[Dataset section Boundary: Start]

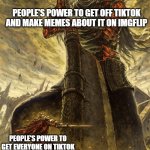 i, myself, never had TikTok | PEOPLE'S POWER TO GET OFF TIKTOK AND MAKE MEMES ABOUT IT ON IMGFLIP; PEOPLE'S POWER TO GET EVERYONE ON TIKTOK | image tagged in big and small | made w/ Imgflip meme maker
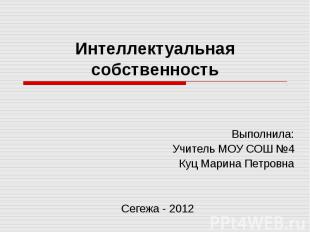 Интеллектуальная собственность Выполнила:Учитель МОУ СОШ №4Куц Марина ПетровнаСе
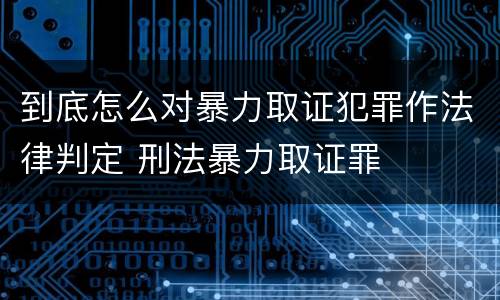 到底怎么对暴力取证犯罪作法律判定 刑法暴力取证罪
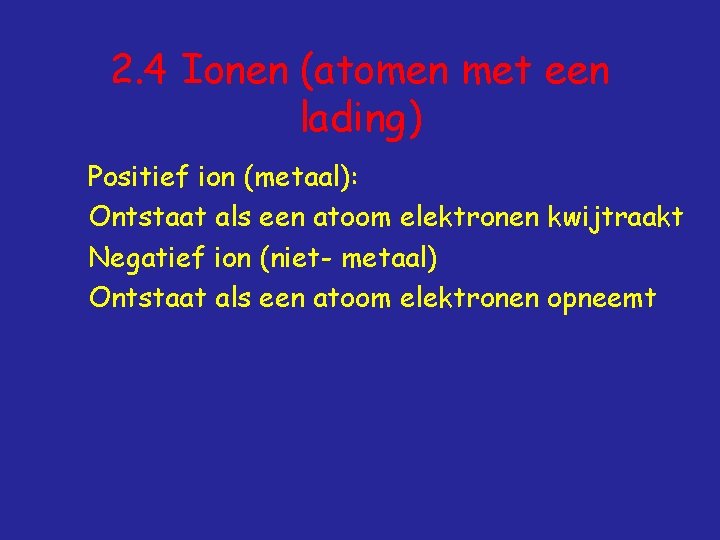 2. 4 Ionen (atomen met een lading) Positief ion (metaal): Ontstaat als een atoom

[Dataset section Boundary: End]

What the task requires -
From the line that contains "到底怎么对暴力取证犯罪作法律判定 刑法暴力取证罪" down to the last line of the material above, every line must be repeated exactly, with pictures removed and both end lines included.

Answer for this exercise -
 到底怎么对暴力取证犯罪作法律判定 刑法暴力取证罪
 2. 4 Ionen (atomen met een lading) Positief ion (metaal): Ontstaat als een atoom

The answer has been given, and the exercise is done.